TENTANGKITA.CO– Merujuk pada Undang-Undang Nomor 2 Tahun 2008 tentang Partai Politik, pemerintah telah mengatur agar keterwakilan perempuan mencapai 30%.
“Selama bertahun-tahun akhirnya angka partisipasi 30% bisa tercapai. Untuk daerah DIY sendiri, kesenjangan antara laki-laki dan perempuan itu dari tahun ke tahun masih sama ya, berada di dua garis sejajar namun cukup dekat. Artinya, kesetaraan sudah hampir tercapai walaupun belum sempurna. Ini kemudian yang harus lebih didorong,” tutur Erlina Hidayati, S., SIP., Mm, selaku Kepala Dinas Pemberdayaan Perempuan, Perlindungan Anak, dan Pengendalian Penduduk Daerah Istimewa Yogyakarta dalam sebuah diskusi.
BACA JUGA:Yuni Shara dan Cak Lontong Kedapatan Naik LRT Bareng, Keren…Kata Yuni
Rendahnya partisipasi perempuan jika dibandingkan laki-laki ini mayoritas disebabkan karena rekonstruksi sosial peran perempuan dalam rumah tangga.
“Ketika wanita yang sudah menikah ini memiliki keinginan untuk meniti karier, maka biasanya akan dihadapkan pada dilema bahwa perannya adalah sebagai ibu rumah tangga. Padahal hal ini sebenarnya bisa diatasi dengan mendorong peran laki-laki juga dalam rumah tangga. Sehingga harapannya, akan ada lebih banyak perempuan yang berani untuk masuk ke jenjang karier setelah menikah,” ucap Fina Itriyati, M.A., Ph.D, Sosiolog sekaligus Wakil Dekan Bidang Penelitian, Pengabdian kepada Masyarakat, Kerja Sama, dan Alumni Universitas Gadjah Mada (UGM).

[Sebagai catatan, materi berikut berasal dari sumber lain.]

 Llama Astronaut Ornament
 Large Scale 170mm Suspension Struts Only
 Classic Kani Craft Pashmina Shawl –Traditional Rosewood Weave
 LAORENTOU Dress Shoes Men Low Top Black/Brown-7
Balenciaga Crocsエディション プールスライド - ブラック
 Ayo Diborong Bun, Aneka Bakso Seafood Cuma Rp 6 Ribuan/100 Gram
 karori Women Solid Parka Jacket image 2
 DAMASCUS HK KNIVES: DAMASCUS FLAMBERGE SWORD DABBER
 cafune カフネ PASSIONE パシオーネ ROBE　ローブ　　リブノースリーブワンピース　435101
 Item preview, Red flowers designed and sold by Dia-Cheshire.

“Atmosfernya masih sangat kurang mendukung, ya. Selain karena hambatan-hambatan yang dialami perempuan karena menikah, memiliki anak, dan lain-lain. Modal untuk menjadi calon legislatif itu tidak murah, belum lagi bagaimana partai memilih dan mempercayakan perempuan untuk menjadi calon legislatif. Kalau dilihat dari media sekarang, masih banyak sentimen-sentimen negatif terkait caleg perempuan,” kata pemerhati politik dari sisi media, Prima Sulitya.
Dukungan lingkungan dan masyarakat yang kurang ini membuat banyak perempuan enggan untuk mencalonkan diri sebagai aktor politik.

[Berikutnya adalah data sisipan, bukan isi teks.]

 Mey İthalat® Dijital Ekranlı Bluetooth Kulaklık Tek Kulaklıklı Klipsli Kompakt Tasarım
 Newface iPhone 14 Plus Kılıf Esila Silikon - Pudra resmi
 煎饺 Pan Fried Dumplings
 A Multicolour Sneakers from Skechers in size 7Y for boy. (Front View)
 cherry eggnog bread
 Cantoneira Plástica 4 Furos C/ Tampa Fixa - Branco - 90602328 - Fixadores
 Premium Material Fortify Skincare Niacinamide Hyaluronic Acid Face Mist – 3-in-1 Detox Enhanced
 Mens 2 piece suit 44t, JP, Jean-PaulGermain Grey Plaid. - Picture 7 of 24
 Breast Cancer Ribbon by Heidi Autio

Partisipasi politik sejatinya tidak bisa dilihat hanya dari sisi pencalonan politik saja. Elektabilitas, kecenderungan pemilih, dan suara-suara politik dari masyarakat juga mencerminkan sejauh mana partisipasi politik Indonesia.
Menurut Dr. rer. pol. Mada Sukmajati, M.PP, ketua Prodi Sarjana Politik dan Pemerintah, isu ini lebih kompleks jika dianalisis lebih dalam.
“Alasan kenapa calon legislatif perempuan ini masih minim partisipasinya tidak bisa dilihat hanya dari faktor perempuannya saja. Partai politik umumnya pasti akan mencalonkan seseorang yang bisa memiliki elektabilitas tinggi di masyarakat. Saya kira strategi elektoral caleg akan sangat memengaruhi hal tersebut, dan inilah yang perlu didukung sekaligus untuk mendorong masyarakat agar memberikan perhatian juga ke caleg perempuan,” ujarnya.
Hambatan-hambatan tersebut masih mencerminkan bagaimana masyarakat cukup pesimis terhadap calon politik perempuan. Hal ini tentunya perlu didorong agar perempuan mendapat rekognisi dan meningkatkan peran politiknya. Tujuan utama keterlibatan ini nantinya adalah untuk mengedepankan pembangunan yang berbasis kesetaraan gender dan kelompok rentan lainnya.